ANALISI
Yunus: Il microcredito vince la crisi (Avvenire, 1 Marzo 2009)
«Non bisogna buttare via il capitalismo, ma è come se in esso ci fosse una voragine che va colmata. L’ironia è che la crisi ha dimostrato che i più poveri sono solvibili, eccome! Mentre chi lo sembrava, come i banchieri, alla fine non lo è affatto» È una verità che andrà bene per il 2009: i beneficiari di microcrediti nel mondo non sono direttamente indeboliti dalla crisi finanziaria, hanno il loro business e i rimborsi sfiorano il 100 per cento. Meglio: il microcredito può venire in aiuto dei poveri del Nord. Abbiamo infatti lanciato, nel gennaio 2008, un programma di microfinanza nel quartiere di Queens, a New York, chiamato « Grameen America » e rivolto ai quei newyorchesi che sono esclusi dal sistema bancario. Vi abbiamo inviato una delle nostre squadre del Bangladesh, gente che non aveva mai messo piede negli Stati Uniti. Applicano esattamente gli stessi metodi dei villaggi del Bangladesh. E funziona! Quando abbiamo lanciato il programma, alcuni giornalisti ci hanno chiesto: « Ma perché avete deciso di portare la Grameen Bank nel cuore di New York? » .
Ho risposto: « Siamo venuti a New York proprio perché è la capitale mondiale della banca. Le vostre banche lavorano per il mondo intero, ma queste rifiutano di lavorare per quanti vivono all’ombra dei vostri grattacieli: i poveri che vivono qui non vi hanno accesso. Negli Stati Uniti ci sono milioni di persone che non possono aprire un conto. Siamo qui per dimostrarvi che è possibile, senza essere sconvolgente, purché lo si faccia mettendo al centro la persona umana. Oggi la crisi ci offre l’occasione di meditare su questa ingiustizia; dobbiamo ripensare le istituzioni bancarie e finanziarie affinché si aprano a tutti » .
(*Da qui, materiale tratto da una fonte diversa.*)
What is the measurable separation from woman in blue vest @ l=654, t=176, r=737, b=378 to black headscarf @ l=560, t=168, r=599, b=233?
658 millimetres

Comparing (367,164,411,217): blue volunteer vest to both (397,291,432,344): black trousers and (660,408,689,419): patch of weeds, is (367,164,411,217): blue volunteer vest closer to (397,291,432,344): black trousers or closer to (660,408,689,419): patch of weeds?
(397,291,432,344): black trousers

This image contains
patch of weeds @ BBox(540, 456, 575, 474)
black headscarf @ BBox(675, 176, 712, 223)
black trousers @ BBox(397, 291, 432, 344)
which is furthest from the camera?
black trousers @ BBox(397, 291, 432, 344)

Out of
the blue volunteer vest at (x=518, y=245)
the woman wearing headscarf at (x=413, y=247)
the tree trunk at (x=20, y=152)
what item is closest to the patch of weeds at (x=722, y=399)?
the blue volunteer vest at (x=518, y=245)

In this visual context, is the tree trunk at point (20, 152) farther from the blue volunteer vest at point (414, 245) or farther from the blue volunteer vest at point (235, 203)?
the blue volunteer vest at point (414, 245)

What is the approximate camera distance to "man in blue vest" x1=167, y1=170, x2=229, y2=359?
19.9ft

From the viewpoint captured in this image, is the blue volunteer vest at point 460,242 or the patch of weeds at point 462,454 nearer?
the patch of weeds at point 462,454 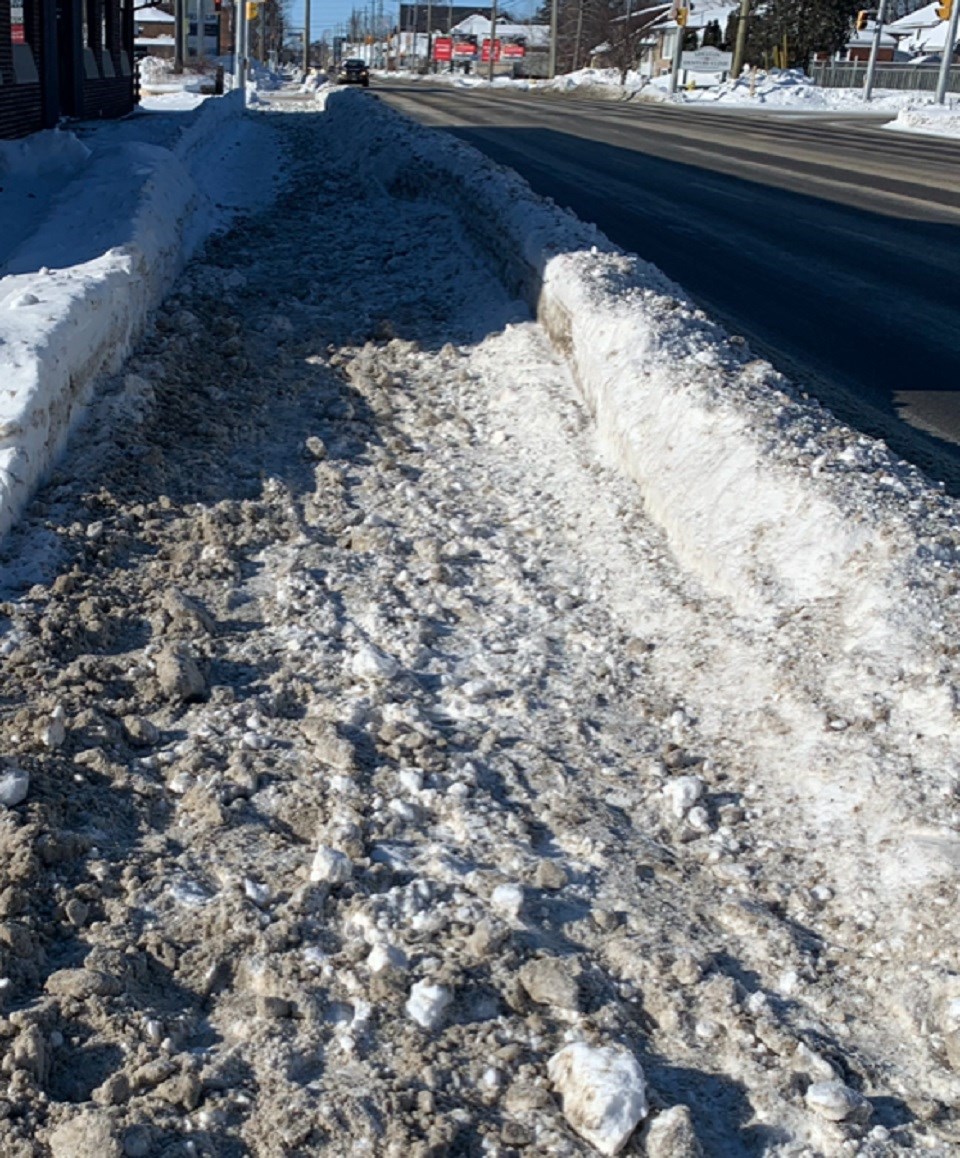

Quando ho cominciato a riflettere sul microcredito, mi sono posto questa domanda: perché non estendere i servizi bancari ai poveri cosicché ne possano approfittare? Mi dicevano: impossibile! L’unico argomento che avevano era questo: i poveri non sono solvibili. Allora mi sono chiesto: sta alle banche decidere se i poveri sono o non sono solvibili, o non sta piuttosto ai poveri scegliere la banca più adatta a loro? L’ironia è che la crisi ha dimostrato che i più poveri, chi utilizza il microcredito, sono solvibili, eccome! Mentre chi sembrava solvibile, in particolare i banchieri, alla fine non lo è affatto. Non bisogna buttare via il capitalismo, ma è come se in esso ci fosse una voragine che va colmata. Io dico: colmiamola e completiamo questo modello. Il sistema capitalistico è stato sviluppato a metà, bisogna aggiungere l’altra metà, e finora c’è stata un’unica possibilità di scelta, nel mondo degli affari: io sto proponendo un’alternativa. Poi sta ad ognuno decidere dove orientarsi. Oggi siamo davvero in un momento molto importante: c’è la crisi del petrolio, abbiamo avuto per lungo tempo l’aumento dei prezzi dei cereali, ora il rallentamento dell’economia mondiale. Tutti fatti che hanno concorso a creare povertà e sono destinati a complicarsi nell’immediato futuro.
Il concetto teorico di business ad esempio è molto limitato, perché si fonda sul concetto che l’essere umano è una macchina per fare soldi. È come se, quando entra nel mondo degli affari, l’essere umano si mettesse degli occhiali che gli permettono di vedere come unico obiettivo soltanto l’utile, l’utile, l’utile. Ma l’occhio umano non è fatto per questo: è la teoria che ha creato questi occhiali. Il risultato è che per l’utile si creano molti problemi alla gente: povertà, malattie, degrado ambientale. Oggi serve una leadership visionaria, che sappia dare prospettive nuove al futuro del Pianeta. Una realtà come il G8 deve prendere in pugno la situazione, ma si tratta di vedere se abbiamo solo leader dalle vedute ristrette, o se ci sono leader di grande statura e visionari.